Jesus is really introducing a new way of thinking here. Salvation and faith are not about which "people" one nominally belongs to, which nation one is a part of. His faith is to go out to all of the world, and His community -- even His kin, His family -- will be those consisting of "whoever does the will of My Father in heaven." He makes it clear also that there will be enemies of His truth, enemies of this faith, even enemies in the spiritual realm, influencing the journey of faith. These weeds or tares will be another obstacle to faith, the sophistries that will abound even as His truth is preached. And this is the condition of our lives and of the world for which we must be prepared and which we must accept as part of the journey, part of our lives. In the view that Jesus gives us, there is no such thing as a worldly place that is "pure," in the sense that there will be no struggle against heresy and sophistry, the things which are spiritually misleading. It is a clear indication that our jobs are not to judge everyone else nor to in some ways eliminate those who think differently, but rather an emphasis on our own capacity and responsibility in a world that offers us struggles and obstacles, in which there are forces that wage a kind of spiritual battle for human hearts and minds. It also reminds us of Judgment, which comes at the end of the age -- not our jobs, but God's. It emphasizes the focus on care of the heart, on our own struggles to discern truth from falsehood, and the importance of teaching as given by the example of Christ Himself: fearless in teaching the truth, but not working through manipulation.
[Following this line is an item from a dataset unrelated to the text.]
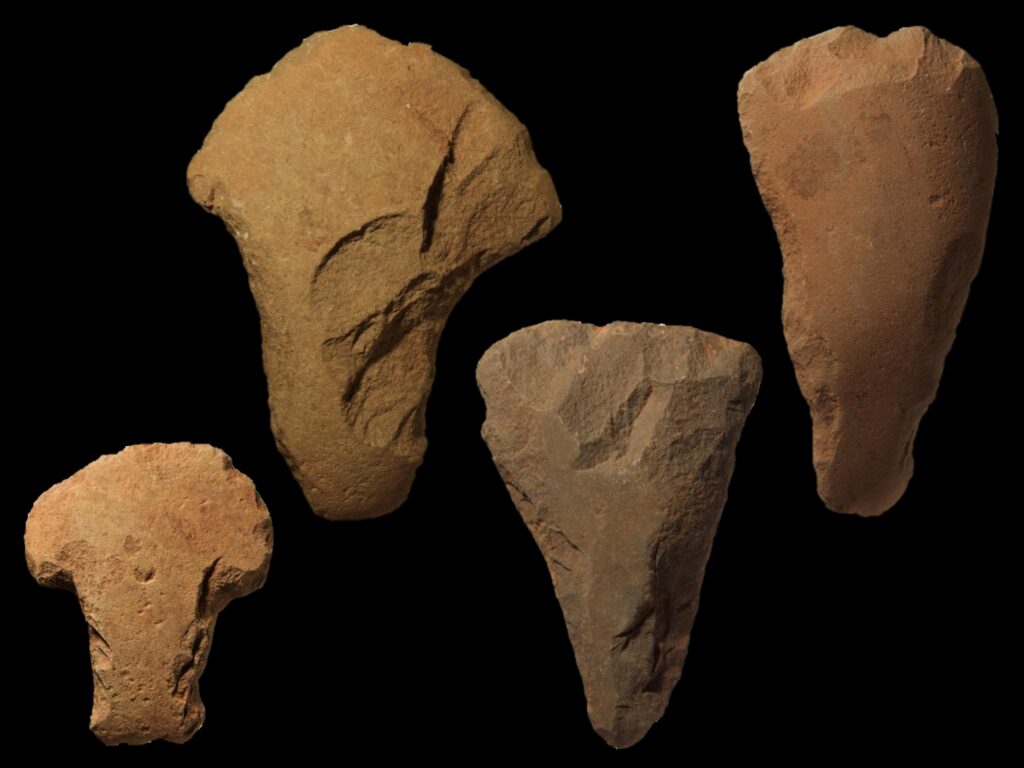 Axes of Mirense type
What is essential here is our notion of purity; we're not going to live in a pure or perfect world. What we do seek is "purity of heart" -- a love of God in our depths, and a constant work at our faith which is a journey, the journey of a lifetime. Christ calls from us awareness, self-consciousness, a work at discernment, remaining awake and alert for the Master's return. This is the setting of the world, and our place, our job, in it. We're to be good servants and stewards, nurturing and guarding our hearts and minds and helping others to do so through that struggle for faith. In that struggle, we always have His love and and presence with us, His Helper the Spirit, our prayers to the Father.